When we cut a rectangular notch from the corner, we remove two outer edges but replace them with two inner edges of exactly the same lengths. Imagine a 6 cm × 4 cm rectangle with perimeter 2 × (6 + 4) = 20 cm. When we cut a 2 cm × 2 cm notch from a corner, we lose 2 cm of horizontal edge and 2 cm of vertical edge, but we gain 2 cm of new vertical edge going inward and 2 cm of new horizontal edge going inward. The perimeter is still 20 cm.

This surprises students because the shape looks more complicated, so they assume it must have a different (usually larger) perimeter.
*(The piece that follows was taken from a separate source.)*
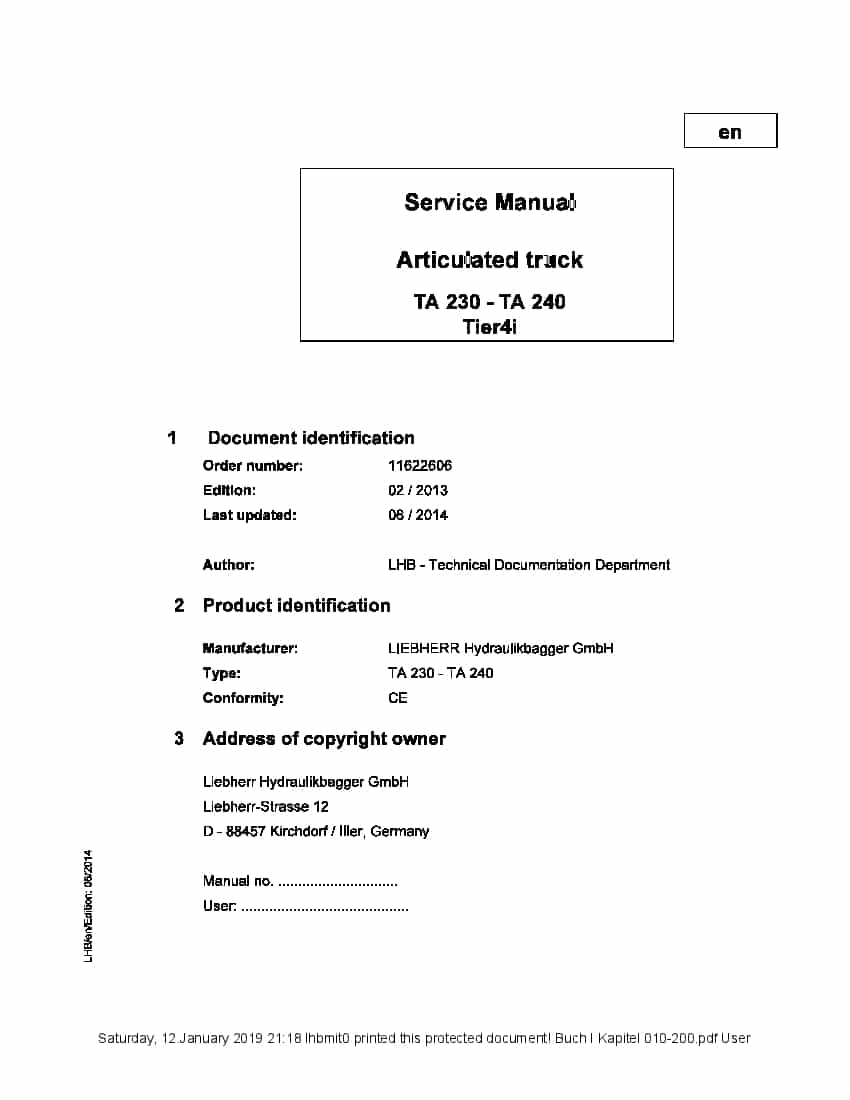 Liebherr TA230 TA240 Articulated Truck Workshop Repair Service Manual PDF Download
The key insight is that a corner notch replaces removed edges with new edges of identical total length — the perimeter only changes when a cut doesn’t “swap” edges equally (e.g. cutting from the middle of a side rather than a corner).

A 1 cm × 9 cm rectangle has perimeter 2 × (1 + 9) = 20 cm and area 9 cm². A 5 cm × 5 cm square also has perimeter 2 × (5 + 5) = 20 cm but area 25 cm². Both shapes have a perimeter of 20 cm, yet the square’s area is almost three times that of the thin rectangle.
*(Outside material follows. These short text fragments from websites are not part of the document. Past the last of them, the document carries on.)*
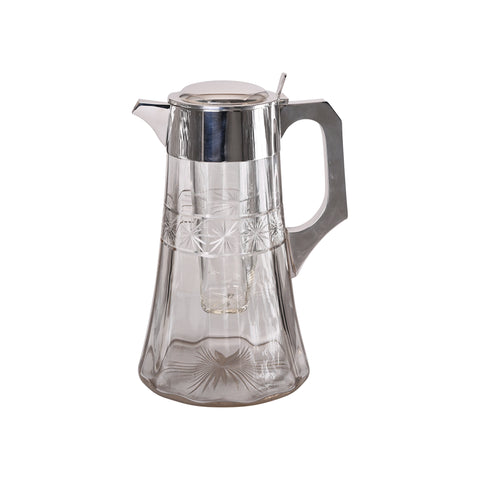 Vintage Glass Pitcher with Faceted Sides and Star Motif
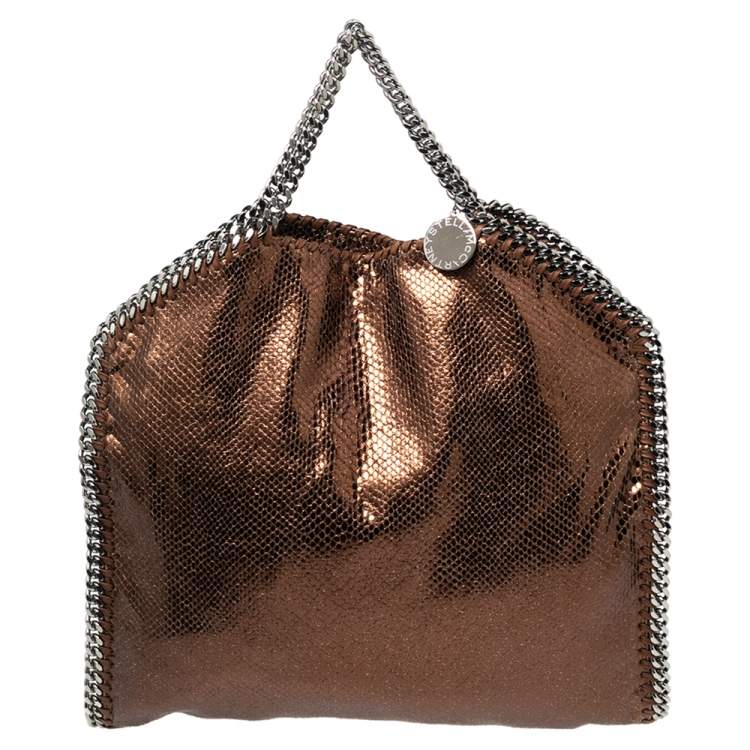 مملوكة مسبقًا Stella McCartney Metallic Brown Faux Snakeskin Leather Small Falabella Tote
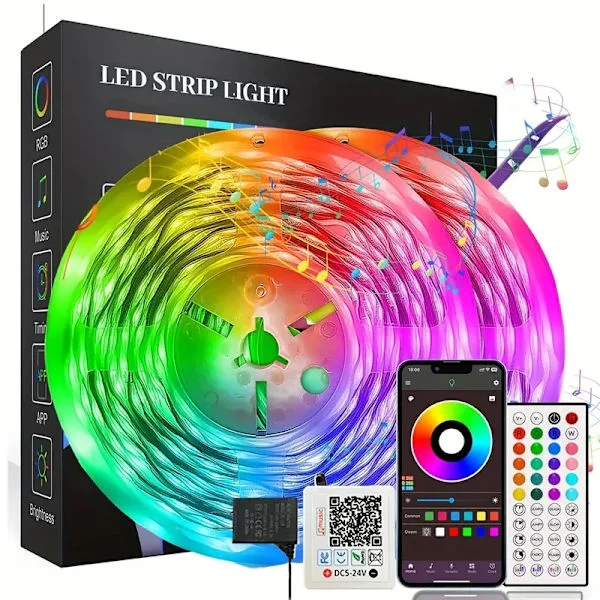 LED-lamper Bluetooth RGB-lamper LED-strip lamper med 44-knaps fjernbetjening Musiksynkronisering Farveskiftende LED-stemningsstrip_tfrf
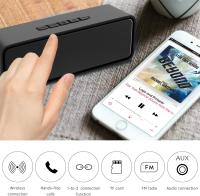 Portable Wireless Speaker, Wireless 5.0 Mini Speaker with 3D Stereo Hi-Fi Bass, Built-in 1500 mAh Battery, Support TF Card and AUX (Black) - details 3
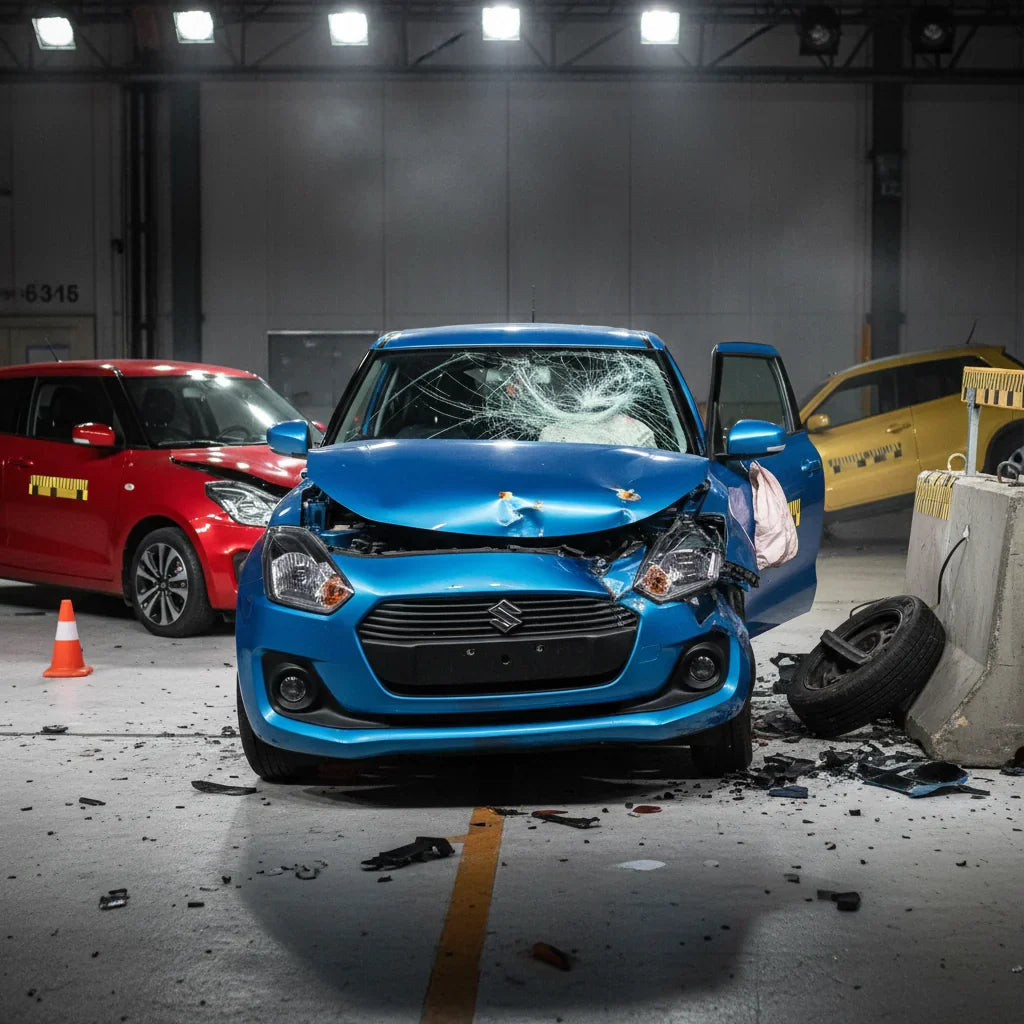 Editorial photo-realistic HERO image for automotive news (2026-03-11). Feature Suzuki vehicles specifically Swift. Scene: A dramatic image of a Suzuki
This demonstrates that perimeter and area are independent measurements. Knowing the perimeter alone does not determine the area. Among all rectangles with a fixed perimeter, the square always has the greatest area — so moving away from a square toward a long, thin shape keeps the perimeter the same while dramatically reducing the area.

A perimeter of 24 cm means the total of all four sides is 24 cm, so \(l + w = 12\). This gives many possibilities: 11 cm and 1 cm, 10 cm and 2 cm, 7 cm and 5 cm, and so on. A 6 cm × 6 cm square is just one of the possibilities — it happens to be the special case where both dimensions are equal.

Students often assume that if the perimeter is 24, each side must be 24 ÷ 4 = 6 cm. This is the “perimeter ÷ 4 = side length” misconception, which only works for squares. For a general rectangle, the correct relationship is that half the perimeter equals the sum of the length and width, so there are infinitely many valid rectangles (including those with non-integer side lengths).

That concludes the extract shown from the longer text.